Despite the variety of terrain in West Virginia, its wines share at least two qualities. They’re produced by small, family-owned wineries, and vintners use fruits harvested in isolated microclimates — fed by fresh air and clear streams and located far from sources of heavy industrial pollution.
West Virginia’s winery regions are generally divided into thirds — the low hills of the valley of the Ohio River in the west, the highlands of the Allegheny Mountains in the south (the northern Alleghenies are too cool to support grape growing), and the valleys of the Potomac River and its branches in the east. The Allegheny Mountains in the north exceed 4,000 feet in elevation and are too cold to produce viable harvests, though wine growing has been attempted in its valley areas.
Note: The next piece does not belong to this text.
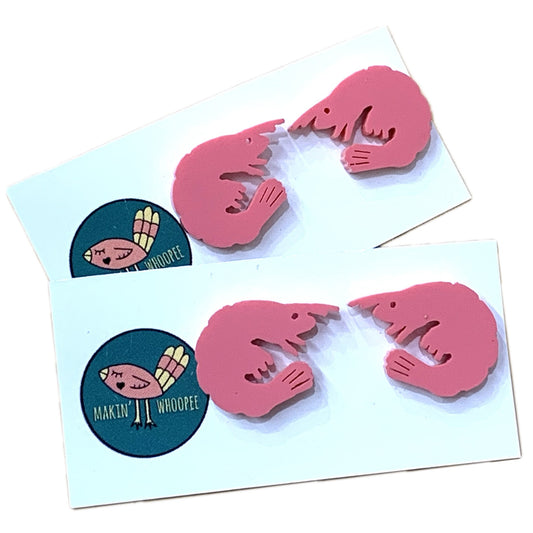 MAKIN' WHOOPEE - Little Critters- "Prawns" Stud Earrings - Pink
The soils of the Mountain State are also changeful, varying from moderate in the west, where the geology is largely clay and shale, to acidic in the central mountains, where sandstone and coal strata occur, to basic in the eastern valleys, where thick layers shale and excellent drainage create conditions similar to those in some of Europe’s most productive wine regions.
Hill-country wineries benefit in particular from greatly relieved terrain where good air circulation is generally plentiful. The moderating temperatures of the Kanawha and Ohio rivers in western West Virginia have also helped create some of the best growing regions in the eastern U.S. In fact, West Virginia was the second most productive wine growing state through the late 1800s when a blight anihilated the industry.
Though often considered a southern state, the West Virginia uplands are generally too cool to produce southern varieties of grape (though cold-climate varieties and hybrid French grapes perform extremely well). The most successful plantings are Rieslings. Many producers and distributors also specialize in fruit and dessert wines derived from native mountain fruits, shoots, and berries.
As wineries continue to develop in West Virginia, the connoisseur might expect to see more of its history play out in winery tours.